I would never want my production deployment rollback tied to my instant messenger plugin working.


How often are you rolling back production deployments that you need a Slack command to do it? Perhaps I am missing something but this does not seem like a good use of time for whoever put it together.


It's funny you'd say that when there are so many companies doing chat and video software and they're all billion dollar companies.

Quick math, assume one tool is charging $8 per employee per month (meaning $100 a year). It only takes one million customers to be a billion dollar company ($100M yearly recurring revenues at 10x valuation).

And one million customers is just a couple of fortune 100. The whole market is orders of magnitude bigger than that!


That's assuming there is a monopoly. The cost of providing a chat service is low and dropping. If Microsoft or Google can provide it for free on top of the communications services companies are already buying, why would anyone pay an additional $8 per user per month for chat?


Companies are paying as much as $25 per month per employee for minor tools. It's not uncommon that a company has 3 different tools doing the same thing. Enterprise are not rational actors trying to save money. Vendors don't go below $5 a month because they know enterprise will bear the cost.


> The company that does all three of these things in an integrated fashion is.

So Google? Microsoft might count too, but I haven't used their suite in a while.

Also, I would think integrated email would be necessary too.


It is 100% going to be Microsoft.

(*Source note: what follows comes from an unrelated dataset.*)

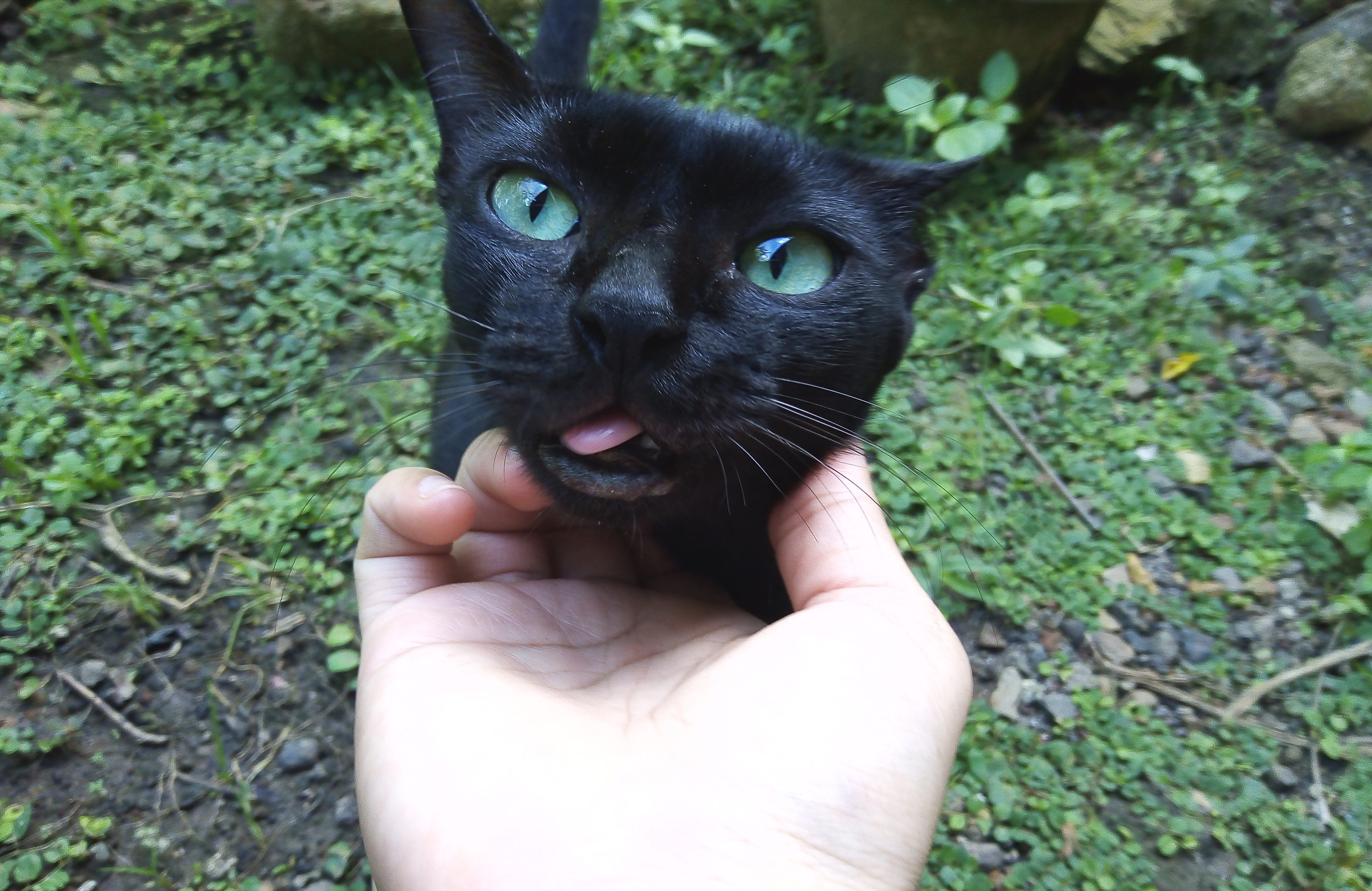 my-master-call-me-MEMENG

Google is laughably bad at enterprise software and Microsoft really has no meaningful competition at this point. Teams is now crushing Slack in market share for the exact reason he mentioned - enterprise IT managers do not like the Unix approach of small targeted tools. They like product suites. Office 365 is as every bit as dominant today as Windows was 20 years ago.


I see that Teams has full Linux support. I am glad.


Why do they like product suites? This is alien to me.


Probably because the product suite components integrate much more easily than a bunch of separate tools from different vendors. And there are fewer particulars to know if you stay in one ecosystem. Maybe there is even a unified administration console.